Ошеломлённый последней мыслью, Драко неожиданно даже для самого себя поднялся на ноги и молча подал Гермионе руку.
— Что… — удивлённо начала она, но он перебил.
— Потанцуем? — просто предложил он, не имея никакого желания острить по этому поводу.
И судя по тому, как Грейнджер, помедлив всего секунду, всё же вложила свою ладонь в его, у неё также не было никакого желания возражать.

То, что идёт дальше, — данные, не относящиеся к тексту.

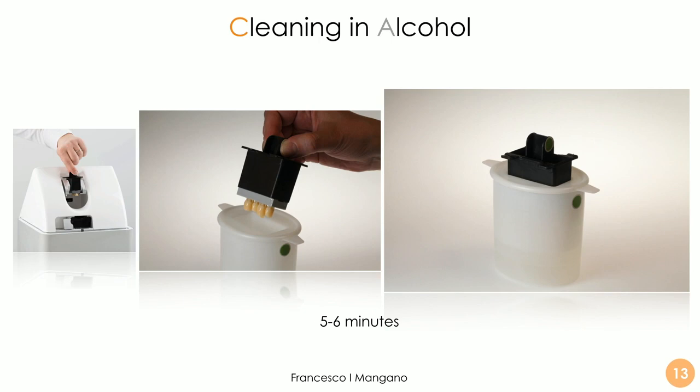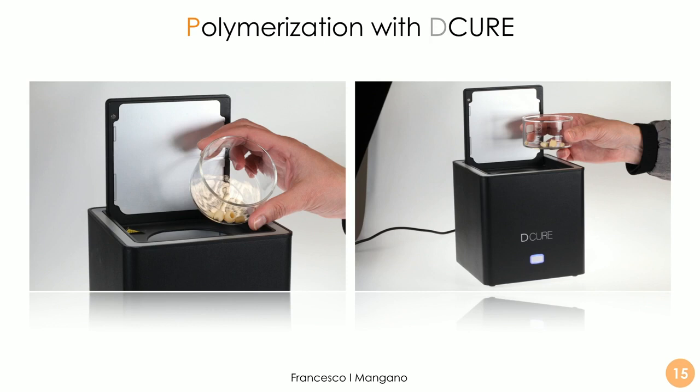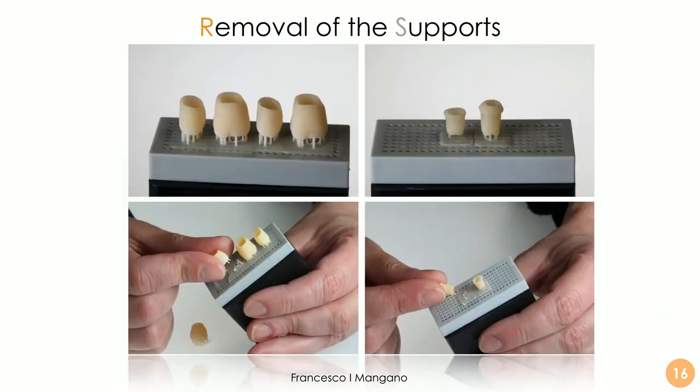We then remove the plate and place it inside the cleaning device, used for cleaning the restoration and removing excess resin. We work for 3 to 5 minutes in alcohol to remove the resin excess. When everything is perfectly clean, we proceed to the final characterization and polymerization in the dedicated Décure device. We then remove the restorations from their supports and place them into the Décure. Easy removal is granted by the technology implemented by DFAB and DWS.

Он помог ей подняться, и внезапно она оказалась так близко, что он почувствовал её сбивчивое дыхание на своей шее. По телу моментально растеклась волна почти болезненного удовлетворения от того, что он снова ощущает её. Драко медленно положил свободную руку на талию Гермионы, и в этот миг она взглянула на него. Их лица были так близко, что вот оно — бери, коснись её губами, вновь поддайся своему желанию, но Малфой не спешил. Он пригласил Грейнджер на танец, и если сейчас допустить слабость, то тот закончится, едва начавшись.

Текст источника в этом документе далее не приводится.